もう何年もたったのに、まだ記憶に新しい日のことをレネは思い出した。レネよりずっと若かった。息子の才能にレネは惚れ込んでいた。素晴らしいものを作った。鳥や花の細工が得意だった。無骨な息子は可愛らしい細工を得意とした。息子がいれば工房も発展すると信じていた。
己の死を静かにかたる鉄仮面に、あの日の息子の姿が重なり、レネの目に涙が溢れ出てきた。
「どうされました」
レネは涙を抑えることが出来なかった。
「申し訳、ありません。息子のことを思い出しました」
鉄仮面がハンカチを差し出してくれていた。そう言えば、前にハンカチを貸してくれたのも、鉄仮面だった。
「一人息子でした。若かったのに、冬に、熱を出して、あっという間で。死ぬ前に、『とうさん、ごめん』といって」
謝ってなどいらなかった。生きてほしかった。レネが代わってやれるなら代わりたかった。
レネが受け取った鉄仮面のハンカチの隅に、小さく刺繍がされていた。
男のハンカチに刺繍をするのは、恋人や妻、家族などの近しい女性だ。息子には、ハンカチに刺繍をしてくれるような相手は現れなかった。仕事以外には不器用な男だった。同じ職人仲間の娘との話もあったが、顔合わせする前に死んでしまった。
「あなたは、死んではいけません。ハンカチに刺繍をしてくださる方がいらっしゃるのです。あなたは死んではいけません」
レネは職人だ。王族に仕えるような男に、不躾な言葉を口にするなど、無礼なことだ。だが、鉄仮面は、泣いたレネのために、恋人が刺繍してくれたハンカチを差し出すような男だ。怒ったりはしないだろう。

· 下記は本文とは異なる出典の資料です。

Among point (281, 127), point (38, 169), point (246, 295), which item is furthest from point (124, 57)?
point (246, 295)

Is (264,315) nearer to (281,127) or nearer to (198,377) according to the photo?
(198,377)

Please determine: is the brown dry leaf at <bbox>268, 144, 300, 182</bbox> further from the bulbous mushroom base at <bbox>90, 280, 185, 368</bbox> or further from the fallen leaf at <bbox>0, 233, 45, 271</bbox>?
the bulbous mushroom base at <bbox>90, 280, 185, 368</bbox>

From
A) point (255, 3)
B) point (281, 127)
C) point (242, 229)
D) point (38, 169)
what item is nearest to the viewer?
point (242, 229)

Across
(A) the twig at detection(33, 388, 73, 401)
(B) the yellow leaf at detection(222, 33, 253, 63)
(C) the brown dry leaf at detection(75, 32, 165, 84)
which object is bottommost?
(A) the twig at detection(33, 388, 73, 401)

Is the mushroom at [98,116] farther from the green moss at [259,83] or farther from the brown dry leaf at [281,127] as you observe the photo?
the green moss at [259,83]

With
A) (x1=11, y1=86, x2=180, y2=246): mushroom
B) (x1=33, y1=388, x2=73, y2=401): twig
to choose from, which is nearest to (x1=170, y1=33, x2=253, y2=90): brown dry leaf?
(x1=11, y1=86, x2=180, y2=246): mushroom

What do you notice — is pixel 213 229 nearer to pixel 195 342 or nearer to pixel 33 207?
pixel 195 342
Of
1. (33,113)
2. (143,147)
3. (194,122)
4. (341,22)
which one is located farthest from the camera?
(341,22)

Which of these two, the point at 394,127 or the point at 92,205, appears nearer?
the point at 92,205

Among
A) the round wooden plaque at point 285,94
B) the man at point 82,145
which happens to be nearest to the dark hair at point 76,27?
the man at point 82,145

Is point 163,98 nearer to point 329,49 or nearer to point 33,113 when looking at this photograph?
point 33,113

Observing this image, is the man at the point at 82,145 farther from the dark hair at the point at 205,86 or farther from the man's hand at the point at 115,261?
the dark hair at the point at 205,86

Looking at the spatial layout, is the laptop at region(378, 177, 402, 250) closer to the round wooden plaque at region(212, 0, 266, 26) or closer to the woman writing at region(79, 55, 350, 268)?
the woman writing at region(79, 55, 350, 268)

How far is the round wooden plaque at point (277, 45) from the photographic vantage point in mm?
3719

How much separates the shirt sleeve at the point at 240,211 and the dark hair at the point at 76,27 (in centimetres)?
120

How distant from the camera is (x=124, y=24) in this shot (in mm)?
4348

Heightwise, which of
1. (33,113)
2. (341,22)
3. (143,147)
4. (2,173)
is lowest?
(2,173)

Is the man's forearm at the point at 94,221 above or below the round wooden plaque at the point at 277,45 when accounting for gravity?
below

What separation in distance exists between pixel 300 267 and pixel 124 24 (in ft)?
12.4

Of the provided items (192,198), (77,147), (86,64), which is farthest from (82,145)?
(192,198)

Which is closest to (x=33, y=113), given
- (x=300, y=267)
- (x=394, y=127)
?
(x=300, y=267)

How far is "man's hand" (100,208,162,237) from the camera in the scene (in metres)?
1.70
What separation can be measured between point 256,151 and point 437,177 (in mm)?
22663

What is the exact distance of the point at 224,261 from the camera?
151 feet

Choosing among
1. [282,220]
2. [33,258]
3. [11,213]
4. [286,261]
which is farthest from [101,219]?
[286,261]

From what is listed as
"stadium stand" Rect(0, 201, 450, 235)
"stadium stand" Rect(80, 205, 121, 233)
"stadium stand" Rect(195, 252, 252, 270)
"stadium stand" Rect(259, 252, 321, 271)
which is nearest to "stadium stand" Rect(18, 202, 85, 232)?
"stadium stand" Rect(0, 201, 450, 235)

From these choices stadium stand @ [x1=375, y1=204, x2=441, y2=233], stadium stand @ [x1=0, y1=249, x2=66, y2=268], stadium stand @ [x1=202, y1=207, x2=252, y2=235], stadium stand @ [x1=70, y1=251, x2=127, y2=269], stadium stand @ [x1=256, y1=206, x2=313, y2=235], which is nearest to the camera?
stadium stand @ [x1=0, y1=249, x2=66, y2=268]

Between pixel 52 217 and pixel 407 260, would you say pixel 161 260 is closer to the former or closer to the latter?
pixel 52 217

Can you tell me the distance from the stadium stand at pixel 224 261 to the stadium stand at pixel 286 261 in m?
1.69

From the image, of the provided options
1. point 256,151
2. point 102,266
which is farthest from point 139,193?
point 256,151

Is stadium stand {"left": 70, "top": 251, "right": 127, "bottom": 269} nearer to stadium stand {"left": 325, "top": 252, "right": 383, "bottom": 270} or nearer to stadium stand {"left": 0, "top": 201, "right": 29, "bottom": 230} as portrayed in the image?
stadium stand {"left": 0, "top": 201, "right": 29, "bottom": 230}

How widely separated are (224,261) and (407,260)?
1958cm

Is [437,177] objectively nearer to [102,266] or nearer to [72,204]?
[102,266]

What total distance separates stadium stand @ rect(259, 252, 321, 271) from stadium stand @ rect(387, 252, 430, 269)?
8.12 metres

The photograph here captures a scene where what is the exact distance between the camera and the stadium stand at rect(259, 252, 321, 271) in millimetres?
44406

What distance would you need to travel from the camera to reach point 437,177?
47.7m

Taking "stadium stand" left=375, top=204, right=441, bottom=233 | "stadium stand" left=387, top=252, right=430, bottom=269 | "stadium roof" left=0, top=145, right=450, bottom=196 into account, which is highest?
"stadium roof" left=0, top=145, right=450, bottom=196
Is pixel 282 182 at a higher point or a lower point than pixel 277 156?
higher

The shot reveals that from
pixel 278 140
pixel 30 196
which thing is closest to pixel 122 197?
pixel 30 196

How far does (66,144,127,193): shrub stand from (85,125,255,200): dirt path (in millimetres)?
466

自慢の息子だった。息子は還ってこない。息子の道具はまだ、工房にある。使う者のいない道具の手入れを、レネは続けていた。無駄とわかっていても、止められなかった。虚しくても、手を止められないのだ。
鉄仮面が驚いたように目を見開いた。宝石のような美しい瞳に、映る自分をレネは見た。
つくづく男に生まれたのがもったいない。こんな美しい瞳に自分が映っているのを見たら、男は皆惚れるだろう。女に生まれたら、傾国の美女となっただろうから、神様は、それを避けたのだろうか。
「そういうことだ。ロバート。お前は良いことを言うな。腕輪にしよう。ただし秘密は守れるか」
「もちろんでございます」
王太子殿下の言葉にレネは慌てて、仕事に意識を戻した。
王太子殿下の腹心が身につける秘密の腕輪だ。下賤な推測をする己に、レネは仕事だと言い聞かせた。